Climate change effects on the thermal stratification of Lake Diefenbaker, a large multi-purpose reservoir

Abstract Large multi-purpose reservoirs serve not only to generate hydropower but to supply water for agricultural irrigation, animal and human consumption and to provide flood control. One of the key factors affecting physical functioning and deteriorating aquatic ecosystems in reservoirs is climate change. For instance, increases in water temperature accelerate chemical reaction rates, decomposition rates and oxygen demand at the water-sediment interface.
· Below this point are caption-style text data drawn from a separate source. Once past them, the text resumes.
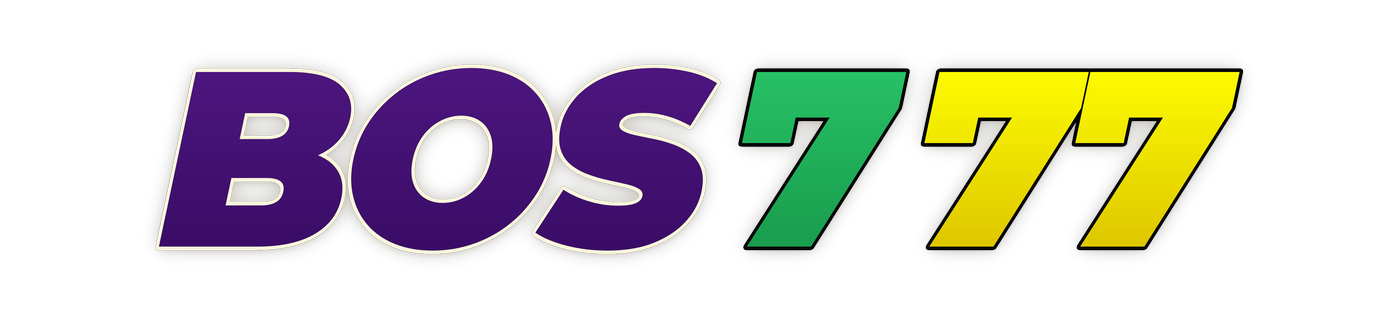 bos777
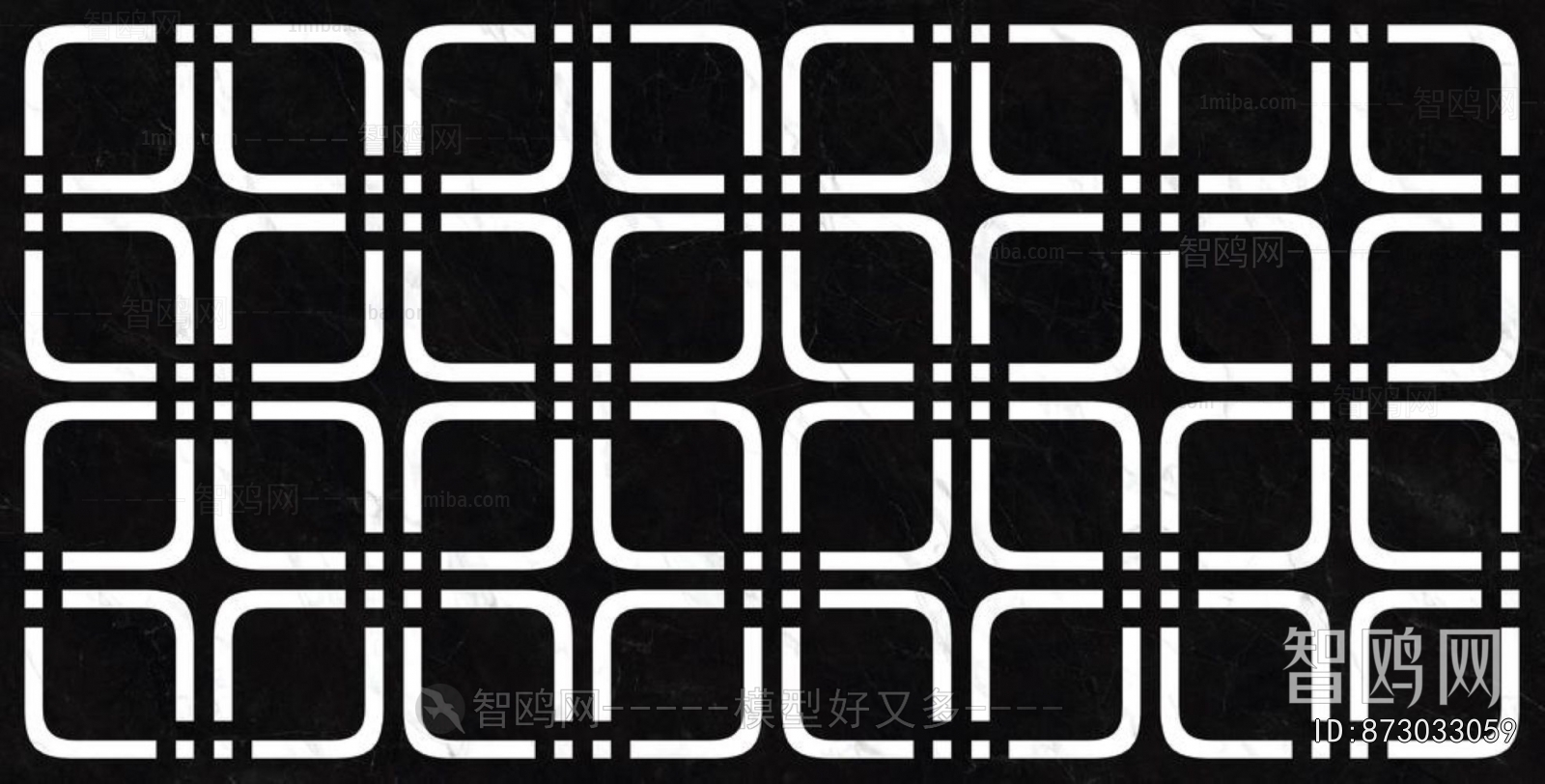 TILES TEXTURE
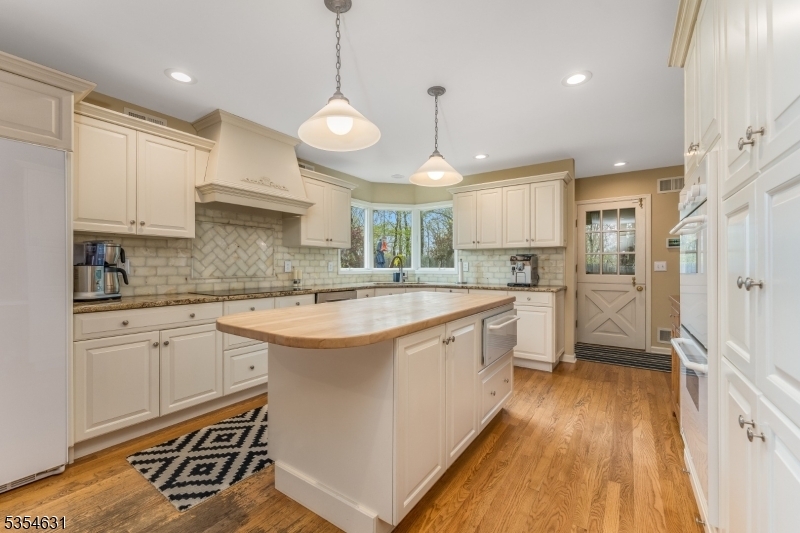 Property Photo: 410 Goritz Rd NJ 08848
Earlier thermal stratification onset, and longer and more intense reservoir thermal stratification are all consequences of global warming. Such disruptions in thermal stratification have been associated with reductions in hypolimnion dissolved oxygen, increasing anoxia events and enhancing reservoir eutrophication. In this research paper, we implement the 2 D hydrodynamics and water quality model, CE-QUAL-W2, to investigate the effects of climate change and streamflow scenarios on the thermal structure of Lake Diefenbaker, a large, multipurpose reservoir, located in Saskatchewan, Canada. Model results indicate that meteorological variability will dictate a nonlinear increase in reservoir water temperature in the coming decades, where larger increases in water temperature will occur during summer and fall in the upper layers. Also, decreases in reservoir streamflows will reduce water temperature at intermediate layers during summer and fall. Our model can be used as a tool to mitigate and manage the effects of climate change on the reservoir water quality.